RSNA President: Let’s get back to basics
RSNA President Richard Baron, MD, delivered the RSNA 16 opening address to a packed Arie Crown Theater, kicking off a week of radiological education in Chicago.
The keynote, entitled “Beyond Imaging,” highlighted the dramatic impact of technology on the specialty and laid a roadmap for continuing to provide value-based care in a rapidly changing environment.

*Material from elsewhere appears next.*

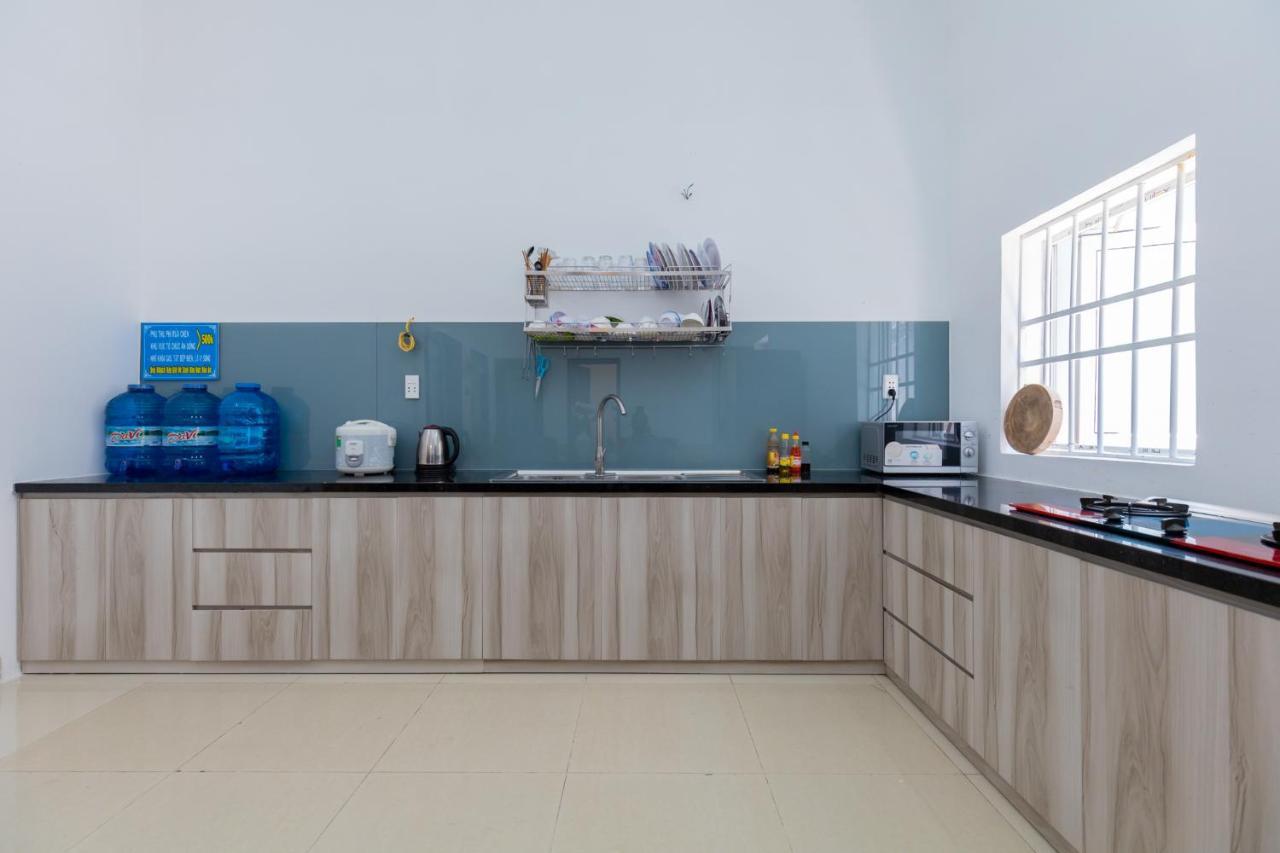 Sea Villa Ho Boi Gan Bien Bai Sau - Free Karaoke + Bida Vung Tau Exteriör bild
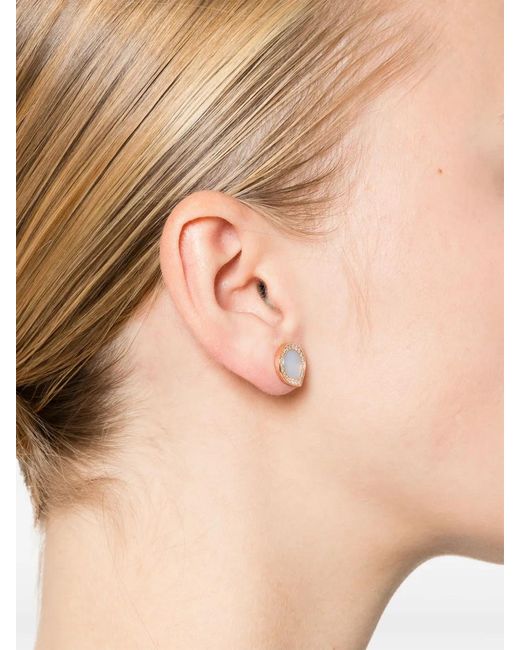 Repossi White Antifer Single Earring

Technology has isolated radiologists, distancing radiologists from their referring physicians—even when they’re at the same facility. While the digital revolution has created new technology, that advancement has plateaued, according to Baron, who is also a professor of radiology at the University of Chicago. Physicians in other fields are becoming proficient at image interpretation, threatening the value the profession can provide.
“Patient expectations have also evolved, requiring radiologists to change the way they interact with patients and referring providers,” said Baron. “This shift does not require revolutionary changes in practice and culture—I see it as more of a return to basics.”
Radiologist used to be known as the ‘renaissance doctors’ of the hospital: proficient in incorporating signs, symptoms and history into a differential diagnosis. Baron said radiologists should focus on recapturing that breadth of expertise—learning about new diseases, drugs or surgical procedures—all in the name of providing value in meaningful conclusions.
“It was not unusual for the best specialty clinicians to routinely seek the opinions of experienced radiologists to solve their most difficult diagnoses,” he said. “We need to once again become renaissance physicians.”
Even with a wide base of expertise, a radiologist can’t go it alone. A true team approach is vital to the continuing success of a radiology department, said Baron.
“In our present model, we suffer from the unintended consequences of the conveniences of technology,” he said. “While technology essentially eliminates the need for face-to-face interactions, it becomes increasingly easy for radiology to operate in a vacuum.
An overly siloed workflow can result in disconnected medical teams and de-personalized radiology reports, but imaging providers around the country are working to change this model—and seeing impressive results. Radiology departments at the University of Colorado, University of Chicago, and Johns Hopkins University have relocated reading rooms closer to the consulting physicians, resulting in more in-person interaction and improved collaboration. Radiologists at NYU bring staff together virtually during morning rounds and embed additional useful images in radiology reports. Improvements that generate measureable value like these are immensely important to the future of the profession, according to Baron.
“The key to our success is to strive to do what’s best for each individual patient at all times and to develop clinically relevant research focused on patient outcomes,” he said. “With these changes in place, we will position ourselves, our radiology departments, and the specialty of radiology as valued resources and indispensable partners in patient care.”